Yes i did. Got up early, used the bathroom and looked out into my front yard. There was a gopher sticking his head out of a freshly dug hole. Got my Big Cat out, threw on some clothes, went out side to about 24 feet. From a standing position sent a Comera Extra 10.4 grain heavy through its brain. It went straight through and moved dirt behind it so i thought i missed it. I went over to the hole and saw nothing so i thought it went back in. I went to the kitchen, got a cup of coffee and waited in my living room sitting on my couch looking out the window. After about a half hour i decided to check my aim on a small leaf in the back yard, put three shots through it at 24 feet so i was dead on. After a feww hours finally got out my flash light and looked into the hole, just saw a dead eye looking at me. Got some tongs and fished it out. Pellet went though between its ears, and out the back, went through its skull like it was not there. The Gamo Big Cat 1200 earns it keep again, that and the Comera heavy pellet. :thumb:


----------



## dsm16428

zzyzx said:


> Hey dsm, that Charlie daTuna does a nice job. I have one of his last turbo tune jobs on my RWS 48. Really made a difference. That was the first rifle I had, 20 years old and I thought - why not? Sent it in and got back one fine shooter that was smoother in every way.
> 
> That said, last week in Wyoming with a friend we both shot. Him with the 34 Panther I gave him and me with the TX200 and Marauder. Both agree for hunting the Marauder/PCP route is a good way to go. But, springers are their own fun.
> Just shooting target junk in the dump but it is easy to see where you hit when the enamel chips off the side of old stoves.


Yeah, it's probably the best thing you can do for a springer...any springer.
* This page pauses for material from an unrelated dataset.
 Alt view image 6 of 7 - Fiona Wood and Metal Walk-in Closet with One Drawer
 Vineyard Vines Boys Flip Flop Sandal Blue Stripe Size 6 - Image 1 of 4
Money well spent imo, and while my Big Cat was already a decent gun for being what I call an "economy model", It's simply a beast now! Not really any faster than it was stock (knew not to expect that anyways), but waaaay more consistant and actually alot quieter. 
Funny you mention the PCP's too! I was litterally JUST looking through my Pyramid Air catalog! :rollin: I'm seriously considering a decent PCP in AT LEAST .25 cal., maybe .357 or even larger, but unfortunately you can't hunt with them in PA other than to remove "vermin" and there really isn't any vermin big enough to qualify as legal around here save for the odd possum or **** in the garbage and the Big Cat can already make easy work of them. :evil: I've shot them quite a bit and have to say, I love them! Totally different feel alltogether and the best part is you don't have to hold them just so to get them to shoot right. We're going down south this comming late spring for some hog hunting and I would love to have a nice big bore PCP with me and see the looks on the other guys' faces when the "guy with the BB gun" whacks a big hog! :thumb:


----------



## Deadcalm

Finally found some time to shoot a little. Shot 6 5shot groups at 22 yards in the back yard. Almost over the cold my wife gave me about a week ago. Felt good to send some pellets down range. Hope to start the new year with regular practice. Happy New Year to all. :beer:


----------



## Deadcalm

Sunny day today, nice and warm. Shot 50 pellets through the Big Cat at 25 yards in the backyard. Had a few nice groups, rest was just getting in some trigger time. First practice of the year.


----------



## Deadcalm

It's been awhile. Some young crows have been hanging around lately so i got out my Big Cat and sent a few of them to crow heaven using my Cometa Exact Heavy pellets. They just drop when they are hit. The Big Cat 1200 is spot on after getting the scope dialed in and putting 500 or so pellets through it. I have not practiced at all except for knocking down the crows. Hope everyone is well. 8)


----------



## dsm16428

Took the Big Cat for a little walk yesterday. Four chucks taken all with one shot with Crossman Premier domed HP pellets at ranges from 20 yards to about 38 yards. All were righ in the ear hole...all they did was flop... :evil:


----------



## Deadcalm

Got in some trigger time shooting a small white square on the bottom of a box that i set up at 23 yards in the back yard. Used up some coated hollow points. Had to hold off a bit because a stupid song bird landed on the grass in front of the box. Once it left used up some more hollow points.


----------



## Foothill Sniper

I finally made some time today, a bit before Sun Set as it was cooling down, to click off about 20 shots with my Hammerli Elite10 at a 35 yard target from my San Angelo bench rest. The results changed from just barely ok to lousy and I couldn't figure out why till I was writing this post and stated the following. The pressure chamber read 150 bar/ 2,176psi when I started, and low and behold it dropped to about 110 bar which I hadn't figured on so much or a drop so this writing is a good exercise in realizing what took place.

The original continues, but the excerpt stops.